Steps on The Spiral StaircaseDon Feist from Dunedin wrote: I've just finished reading The Spiral Staircase, Karen Armstrong's second version of the second volume of her autobiography. There are several passages in it which might be of sufficiently wide interest, and which can sufficiently well stand alone.
The first is quoted, on page 289, from the twelfth century Muslim mystic and philosopher Ibn al-Arabi: “Do not attach yourself to any particular creed exclusively, so that you may disbelieve all the rest; otherwise you will lose much good, nay, you will fail to recognize the real truth of the matter. God, the omnipresent and omnipotent, is not confined to any one creed, for, he says, ‘Wheresoever you turn, there is the face of Allah’. Everyone praises what he believes; his god is his own creature, and in praising it he praises himself.
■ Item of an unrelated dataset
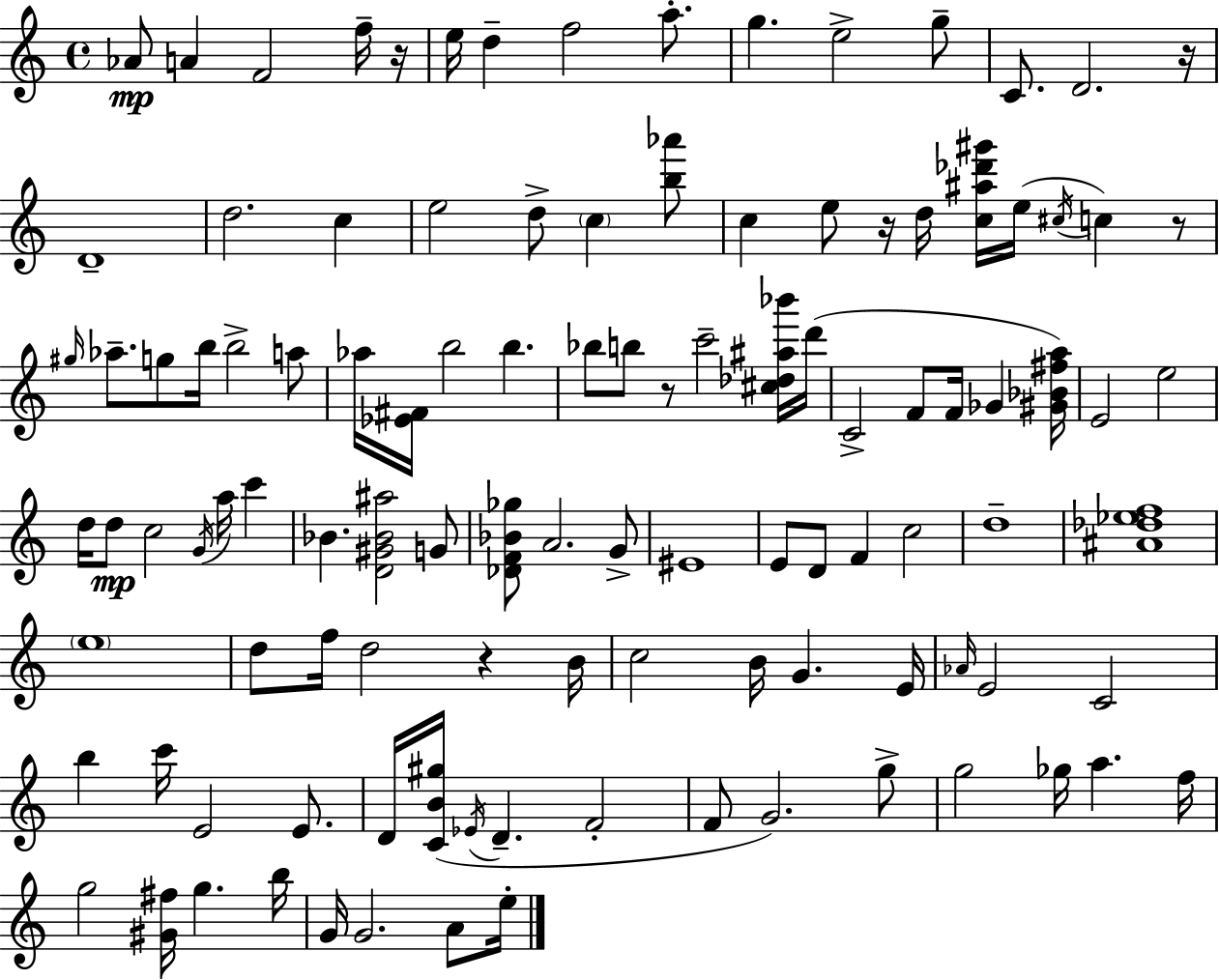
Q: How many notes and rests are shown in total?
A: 110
Consequently he blames the beliefs of others, which he would not do if he were just, but his dislike is based on ignorance.”
In the second (pp210-292), in regard to her research for writing A History of God, Karen Armstrong wrote “To my very great surprise, I was discovering that some of the most eminent Jewish, Christian and Muslim theologians and mystics insisted that God was not an objective fact, was not another being, and was not an unseen reality like the atom, whose existence could be empirically demonstrated. Some went to so far as to say that God did not exist, because our notion of existence was too limited to apply to God.
Many of them preferred to say that God was Nothing, because this was not the kind of reality that we normally encountered.
It was even misleading to call God the Supreme Being, because that simply suggested a being like us, but bigger and better, with likes and dislikes similar to our own. ..... All traditions went out of their way to emphasize that any idea we had of God bore no absolute relationship to the reality itself, which went beyond it. Our notion of a personal God is one symbolic way of speaking about the divine, but it cannot contain the far more elusive reality."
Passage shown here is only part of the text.